Undoubtedly the new schema is a closer representation of reality and treat
language as language and locale as locale and those two things as separate,
but the benefits of adopting the new scheme go beyond organization and
elegance:
-
It is a lot easier to build a new file and test it, including the
fall-back … pushing i18n a bit further. -
the token translations become single-sourced and making their
maintenance a lot easier and above all more accurate, for example, right
now a change in de-DE may, inadvertently, affect people using de-AT. -
it would allow the translations to start with the top language file.

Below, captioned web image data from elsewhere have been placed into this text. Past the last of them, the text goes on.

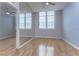 Large bedroom with hardwood floors and mirrored wall at 701 Mirror Lake N Dr # 309, St Petersburg, FL 33701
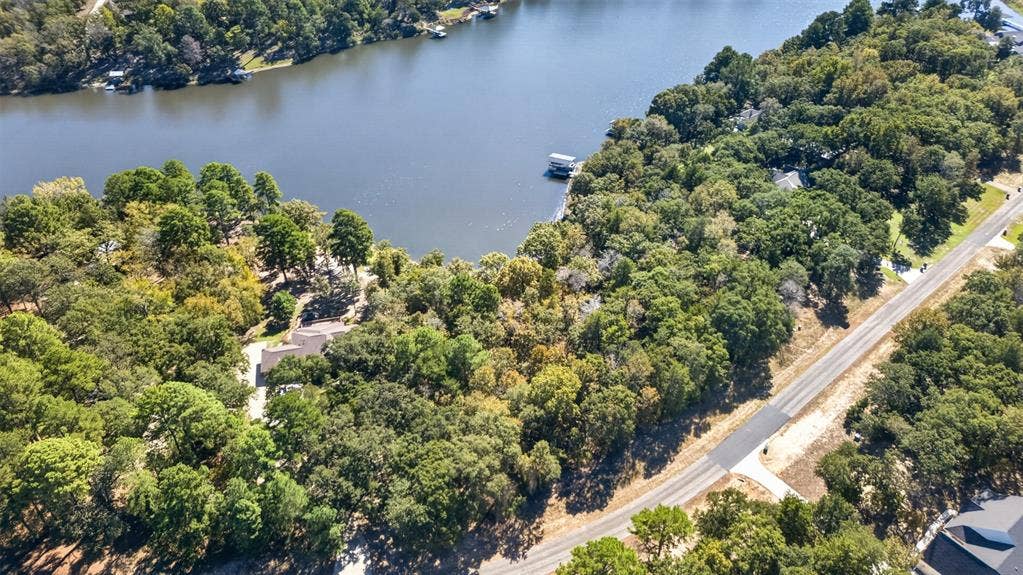 0 Safari Shores Drive, Larue, TX 75770 Waterfront parcel featuring extensive tree coverage and direct shoreline access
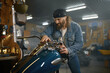 © Nomad_Soul - Mature male biker examining his new motorbike standing with garage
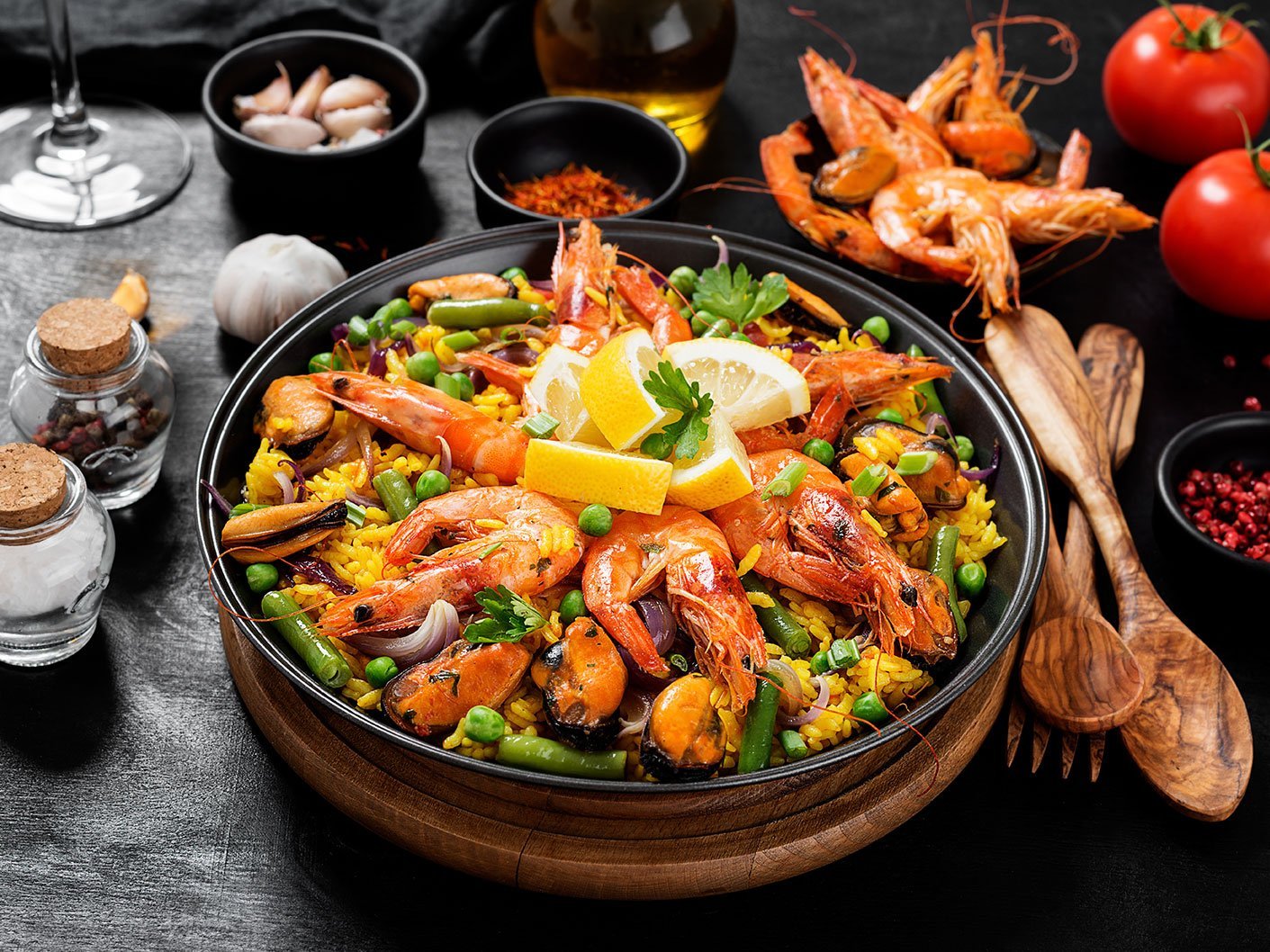 Traditional Spanish Seafood Paella In The Fry Pan On A Black Woo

The case of pt-BR is an obvious example of the problem that this
represents. The person that did the translation obviously started at the
en-US (as recommended by the documentation) as opposed to the more natural
pt-PT file, and not only missed several terms, left others untranslated,
mistranslated a few others and missed the specification of the gender for
the ordinals, all of it was done in the pt-PT file. If this were located in
a general language file, the translator would only confirm a few things and
notate the differences. -
but the most important one is that it would allow the control of the
translation of each individual token and a control on its quality. I have
all of them loaded in database along with the translations from BibLaTeX
and a few other projects. Comparing frequencies for the ones that are
different (among the projects) one can see some translations that have been
done by a machine and not a human! -
the locale files can now be written by a single script run and comes
out factored in language and locale directly from the db. -
right now I can only see the DB from the inside, but I am preparing a
web-interface where anyone will be able to see the token in 3-4 languages
of their choice and enter their own translation and even save a locale file
-
for them and for the project. Mistakes can be more readily identified and
fixed.-
from the db one can interact with other projects in the same area, like
BibLaTeX which shares some 75% of the translation tokens with CSL. Some of
the incorrect translations I have detected come from languages and tokens
supported in BibLaTeX. The cross-pollination should go both ways. -
the db is fairly complete on standard tokens (months, ordinals, names
of countries, languages, etc …) on more than 180 languages, leaving the
worker of a translator to a few other entries, and being able to generate
quite a few more locale files.
-
Paulo Ney